# Deliver Us



## AtlasV

Pretty self-explanatory! I'm thinking of getting the phrase tattooed on my arm, but haven't decided yet. So, how would you write "Deliver Us" in Hebrew? 

Also, if you know of any good looking, and free Hebrew font, that would be nice!


Thank you for taking your time to read this!


----------



## Clara_

Hi and welcome,

what meaning do you have in mind?
If you wish to say "Deliver us" in a religious (saviour) way, you could use *הושיעה נא*.

Let's wait for the answers of native Hebrew speakers to see if they have other suggestions.
Here you can find different kinds of Hebrew fonts, many of them are free. There are numerous websites with other fonts as well.
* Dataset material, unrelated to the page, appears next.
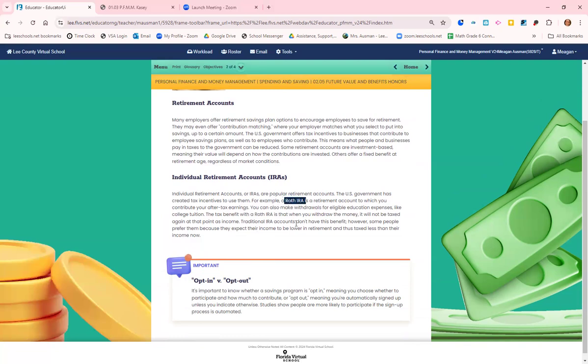For example, a Roth IRA is a retirement account in which you put money into it after you've already paid taxes on the money. So with a Roth IRA, the money you put into the Roth has already been taxed. When you withdraw the money when you're older and retired, often it will not be taxed when you withdraw it because you paid the tax when you put it in.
It depends on what kind of font you're looking for.


----------



## arielipi

i tend to think it is from Christianity? in that case[even if not] please explain the meaning....deliver us lit. is like send us...i wonder if thats what you want.
so explain yourself!
and have a good day


----------



## AtlasV

Hi! Thanks for your answers! 

I was listening to the soundtrack to  "The Prince of Egypt" and found this particular song  titled "Deliver Us" inspiring. I guess if you want the background to it, you'll have to YouTube "Deliver Us - Prince of Egypt", since I'm not allowed to post links.

So, Clara_, does your answer still stand?


Thank you, both!


----------



## arielipi

yes...hoshi'a na is the right translation.
though its old,but it best fits your request.


----------



## AtlasV

Great! Could you please write it in Hebrew for me so I can see what it looks like, and possibly have a tattoo of it?

Thank you!


----------



## origumi

In the Bible you can find also הושיעה לי and הושיעני. In the verses quoted in the Prince of Egypt it's ויהי לי לישועה. All mean practically the same.


----------



## arielipi

הושיעה לי
is [save me] deliver me
זה בעצם השיר ששרו על שפת הים אוריגמי?
ויהי לי לישועה
vayhi li lieshu'a
lie = somewhere between liy and ley
means [and it [though here it is actually he=god] will be (of) ] redeem to me - deliver me
הושיעני
hoshi'eni - deliver me... in hebrew you can combine verb and body type [ i,we,he,she etc]

so if you want the hebrew phrase that is there and supposed to be there... take origoumi call. if you want the song version... its
הושיעה נא


----------



## AtlasV

Thank you guys! You are awesome!


----------



## Egmont

origumi said:


> In the Bible you can find also הושיעה לי and *הושיעני*. In the verses quoted in the Prince of Egypt it's ויהי לי לישועה. All mean practically the same.


הושיעני means "deliver (or save) me." If you want to change it to mean "deliver us," it would become הושיענו (ho-shee-AY-noo).


----------



## arielipi

that is when the verb and body-type are combined... when separated its as what is already written above


----------



## AtlasV

One more thing. How would you write this?

_Help me now
This dark hour
Deliver me_


----------



## origumi

Could be:

עזרני עתה
בצרה וצוקה
הושיעני

---

My previous comment (above) was in singular while the question in plural - I thank those who corrected.


----------



## rosemarino

arielipi said:


> in hebrew you can combine verb and body type [ i,we,he,she etc]



Just for the record:  I think arielipi means "personal pronoun," rather than "body type" above. גוף  can be translated as "body," but not when its meaning is the grammatical term "person" or "pronoun."  For example גוף ראשון is "first person." The pronouns attached to verbs are called "personal pronoun endings."
What is this in Hebrew?

"Body type" in English means the type of body one has, such as fat, thin, short, tall.  Not sure how you say this in Hebrew, maybe סוג גוף???


----------



## hebrewman

for the "body type" we say :מבנה גוף

לדוגמא: מבנה גוף שמן


----------



## arielipi

you are correct X2 rosemarino! thanks for the information. i dont know the terms in english so i simply put an explanation of it in brackets

origumi tends to translate in a biblical stylization


----------